The Rhinoceros was opened a half block from the Village Inn by a couple of acquaintances cashing in — though God knows it made precious little money — on the beatnik coffeehouse fad that had begun a few years earlier in San Francisco. Well, you couldn’t have a real beatnik coffeehouse without beatnik poets, and since Ferlinghetti and Ginsberg were permanently occupied elsewhere, I volunteered to substitute, hastily composing a sheaf of poetic rants specifically for the occasion. (As that editor at the New Yorker would attest, I would have had to be as mad as an outhouse rat to fancy myself a true poet.)

While in the course of my reading I confessed my love of the city, I also employed twenty-three shades of satire and twenty-four of hyperbole to box Richmond’s pretty pink ears, box it for its Tobacco Festival, its upcoming Civil War Centennial, its affected anglophilia, and, most resoundingly, its racism. Amateurish though my poems surely were, my metaphors were inventive, my imagery outlandish and funny, and those in the small audience seemed receptive enough — with one notable exception. In the middle of one of my rampaging verses, a young woman got up and stalked out, not unobtrusively, mind you: she was in a huff and made certain everyone knew it.

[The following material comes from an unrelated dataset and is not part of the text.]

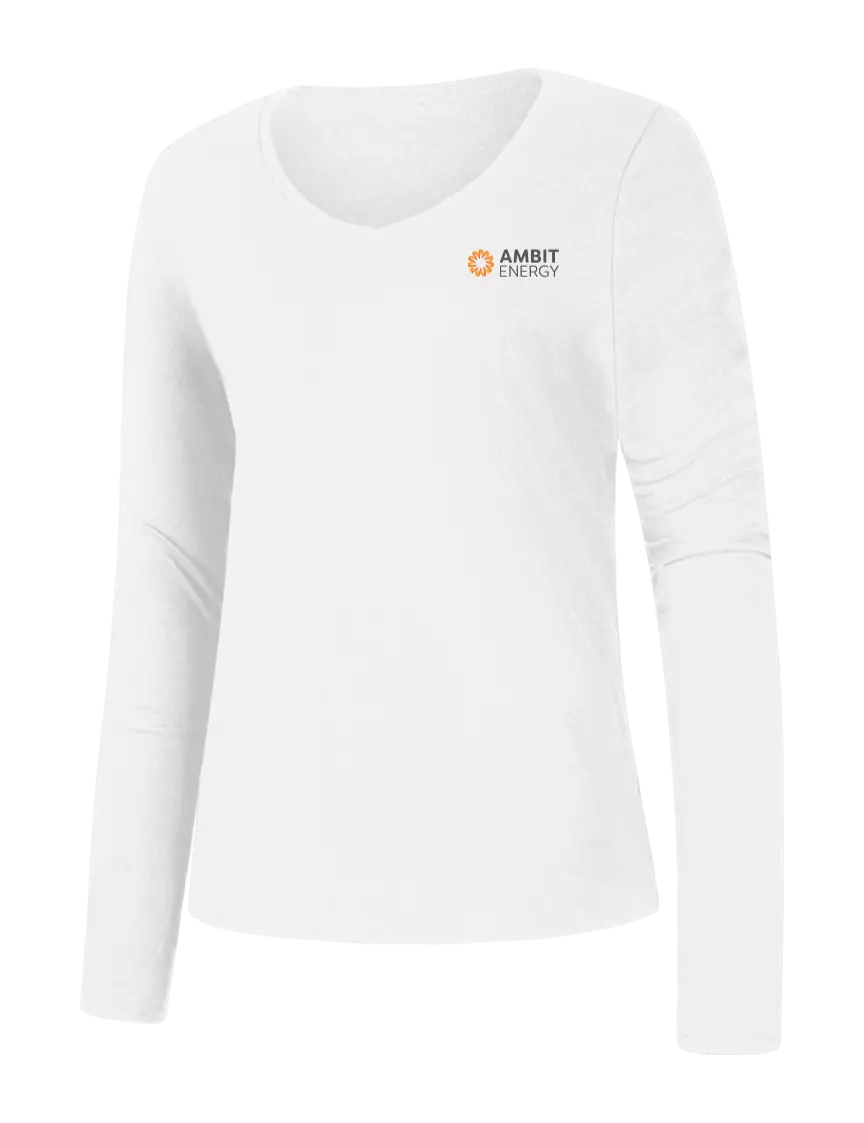 Ambit Womens Seriously Soft White V-Neck Long Sleeve T-Shirt w/Ambit Logo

I recognized the woman, I’d seen her in the Village a time or two, although we’d never met. She was difficult to ignore, frankly, being tall, blond, shapely, and as creamy as a hot vanilla sundae. Her name was Susan Bush (no relation to that nefarious gang down in Texas), and she resided not in the helter-skelter Fan but the formal West End, the daughter of one of those aristocratic old Virginia families that had lost its wealth but not its conceits. She worked for a brokerage firm and her friends (and presumably her lovers) were stockbrokers, bankers, and lawyers; all very Episcopalian and unwilling to let you forget that their colonial ancestors had settled Jamestown and established grand plantations while yours were digging potatoes behind some thatched-roof hovel in the old country.

When she dropped into the Village, regulars believed Susan to be slumming, and to a certain extent that was true, but nobody much minded because she was affable, respectful, could hold her alcohol, and, as no male with sufficient testosterone to sprout a single whisker would have failed to notice, beautiful.

Nine months passed before I saw Susan again. It was an unseasonably warm day in October and I’d gone down to the financial district to argue with my landlords. In Richmond, it was rare to rent an apartment from an on-site owner, a tenant almost always had to go through a rental agency, usually part of a large real estate firm and not given to taking the tenant’s side in any dispute. Whatever our disagreement, my meeting with the landlords had not gone in my favor that day. Overheated by both the dialogue and the weather, I ducked into the closest grill and ordered a beer. I was standing at the bar trying to lower my temperature with a frosty Pabst Blue Ribbon when who should walk in, having just gotten off work nearby, but Susan Bush. I don’t know if she recognized me at first, but within seconds, perhaps by chance, she was right next to me at the bar. We faced one another. She graced me with about 70 percent of a smile. And I proceeded to let her have it.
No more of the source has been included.